November 8, 2021 / by emptywheel

 

“Yes and No:” John Durham Confuses Networking with Intelligence Collection

John Durham apparently believes li’l ol’ emptywheel is smarter than an entire team of seasoned FBI counterintelligence professionals. That’s the only conclusion I can draw from his effort to explain why a lie he accused — but did not charge — Igor Danchenko of telling was material to an ongoing investigation.
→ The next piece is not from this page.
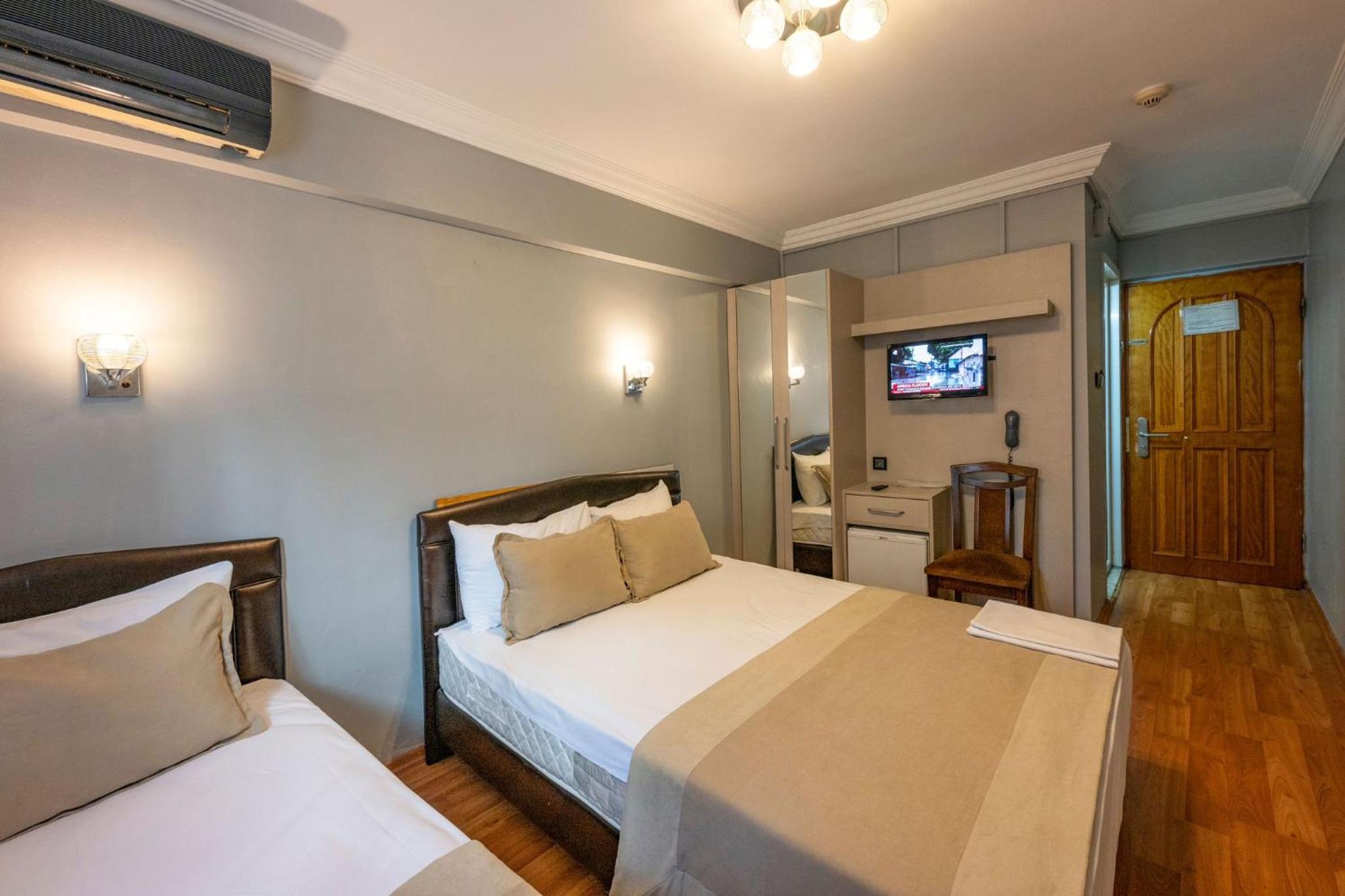 Comfort Triple Room with Shower photo 3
Durham claims that in his first set of interviews, Danchenko was deliberately and knowingly hiding how indiscreet he had been about his intelligence work for Christopher Steele.

Such lies were material to the FBI’s ongoing investigation because, among other reasons, it was important for the FBI to understand how discreet or open DANCHENKO had been with his friends and associates about his status as an employee of U .K. Investigative Firm-1, since his practices in this regard could, in turn, affect the likelihood that other individuals — including hostile foreign intelligence services — would learn of and attempt to influence DANCHENKO’s reporting for U.K. Investigative Firm-1.

The alleged lie in question (which, as I’ll show, Durham misrepresents) is that Danchenko claimed to the FBI that he “never mentioned that he worked for [Christopher Steele or Orbis] to his friends or associates.”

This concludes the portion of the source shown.